MATERIALS PROVIDED:
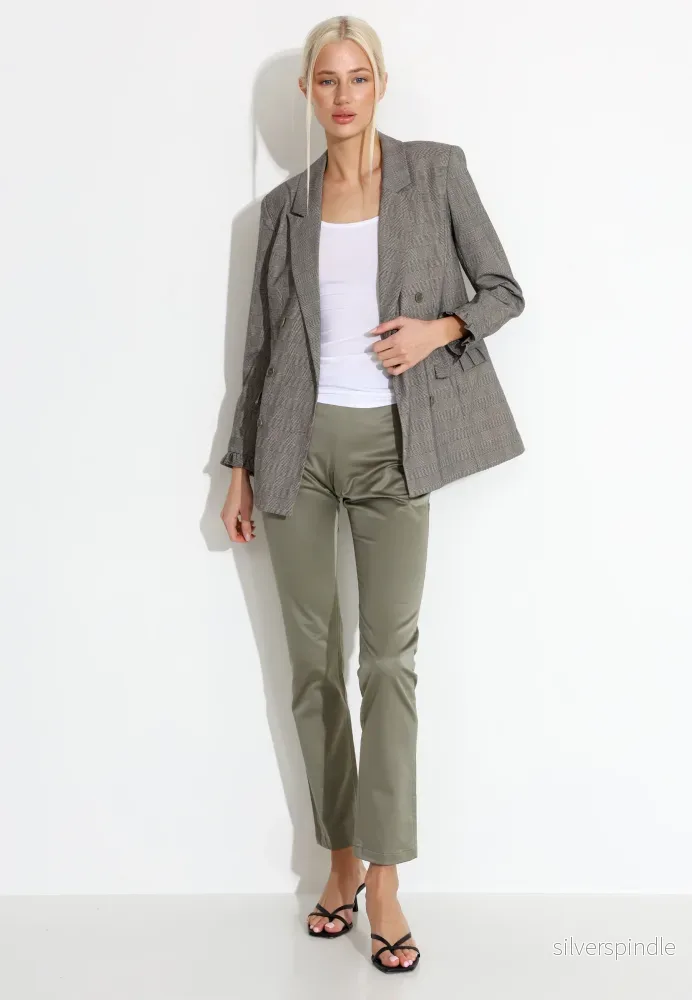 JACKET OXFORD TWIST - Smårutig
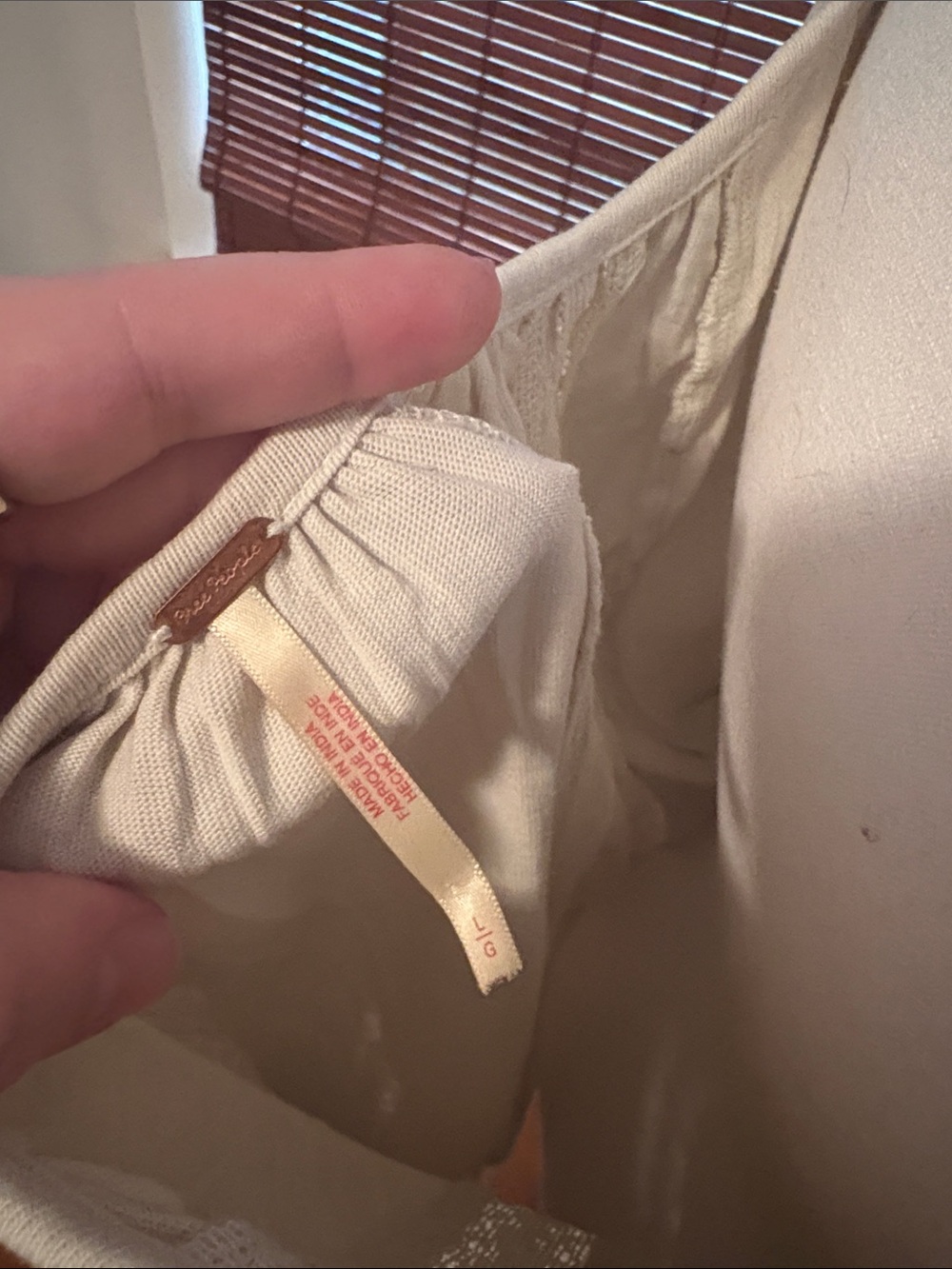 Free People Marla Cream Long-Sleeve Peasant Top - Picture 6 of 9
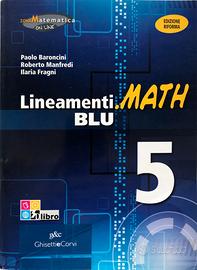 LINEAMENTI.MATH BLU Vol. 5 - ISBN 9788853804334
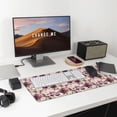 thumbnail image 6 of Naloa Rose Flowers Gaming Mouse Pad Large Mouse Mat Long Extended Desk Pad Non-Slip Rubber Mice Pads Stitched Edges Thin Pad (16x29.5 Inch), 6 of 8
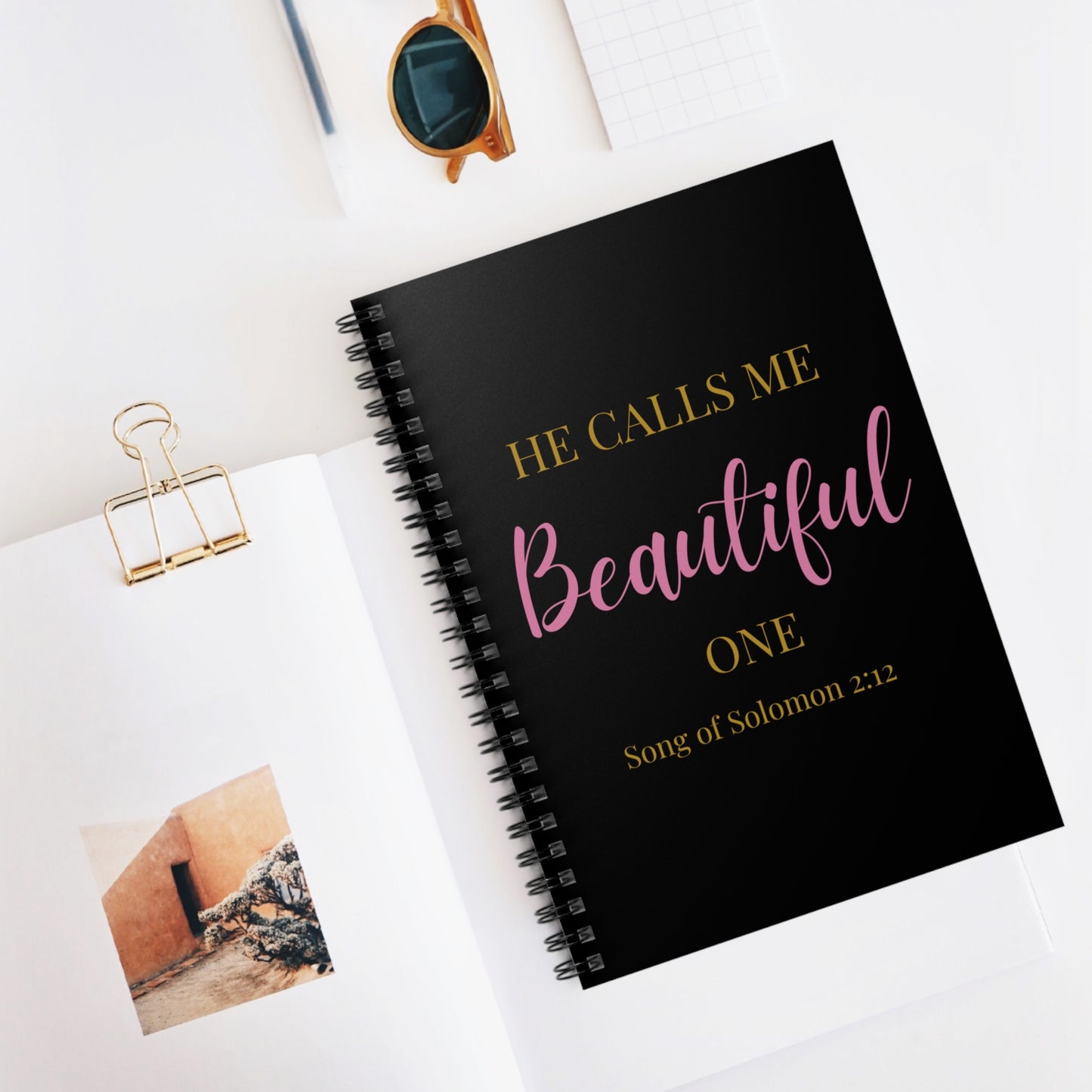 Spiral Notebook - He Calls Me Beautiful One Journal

--

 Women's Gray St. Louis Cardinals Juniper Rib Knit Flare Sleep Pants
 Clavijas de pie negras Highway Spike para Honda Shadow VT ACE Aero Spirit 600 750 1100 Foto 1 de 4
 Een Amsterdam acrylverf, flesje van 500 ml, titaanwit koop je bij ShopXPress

* * *

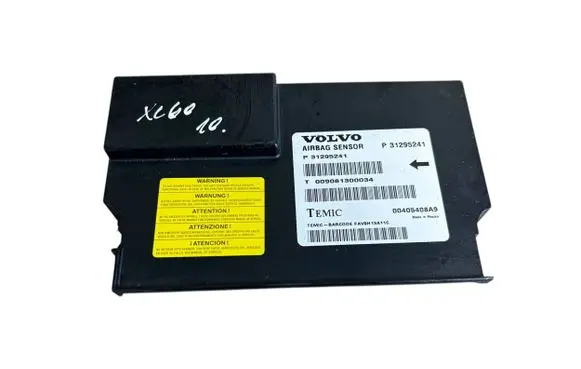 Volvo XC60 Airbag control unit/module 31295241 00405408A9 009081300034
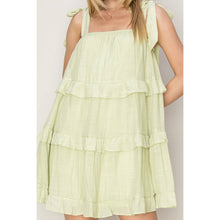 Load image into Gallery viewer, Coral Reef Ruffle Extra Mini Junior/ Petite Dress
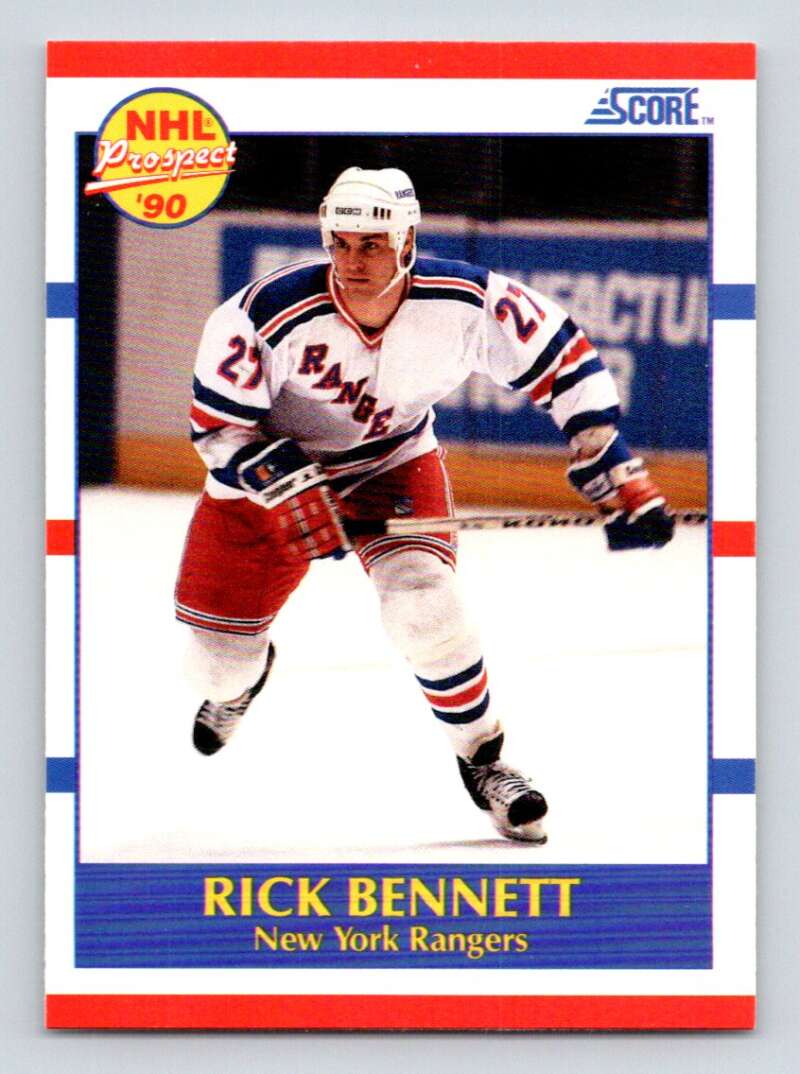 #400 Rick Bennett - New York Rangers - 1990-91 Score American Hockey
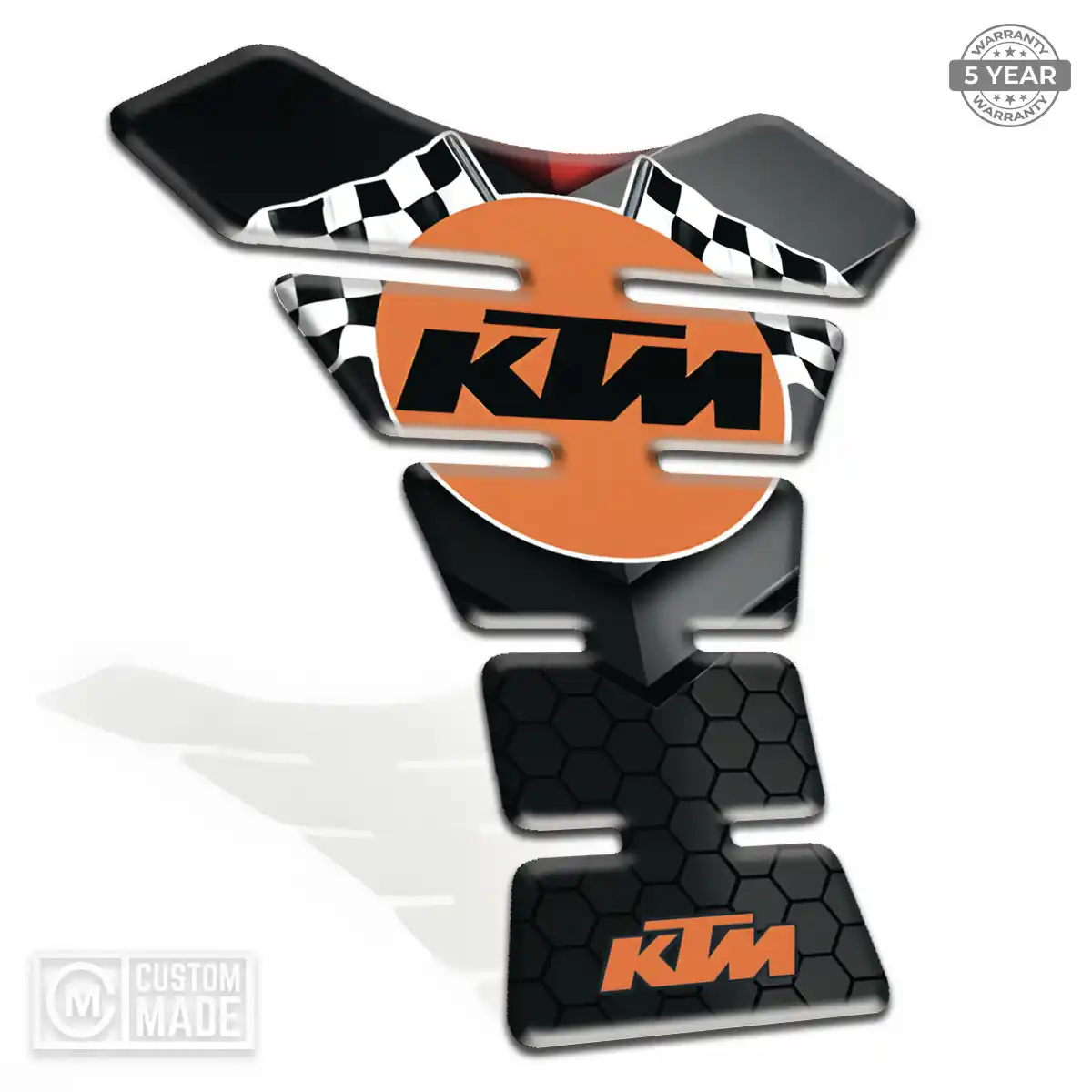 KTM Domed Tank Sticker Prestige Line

WHAT YOU SHOULD DO: Starting at the line containing "JACKET OXFORD TWIST - Smårutig" and finishing at the line containing "Spiral Notebook - He", return those lines exactly as they appear above, without the pictures.

TASK ANSWER:
 JACKET OXFORD TWIST - Smårutig
 Free People Marla Cream Long-Sleeve Peasant Top - Picture 6 of 9
 LINEAMENTI.MATH BLU Vol. 5 - ISBN 9788853804334
 thumbnail image 6 of Naloa Rose Flowers Gaming Mouse Pad Large Mouse Mat Long Extended Desk Pad Non-Slip Rubber Mice Pads Stitched Edges Thin Pad (16x29.5 Inch), 6 of 8
 Spiral Notebook - He Calls Me Beautiful One Journal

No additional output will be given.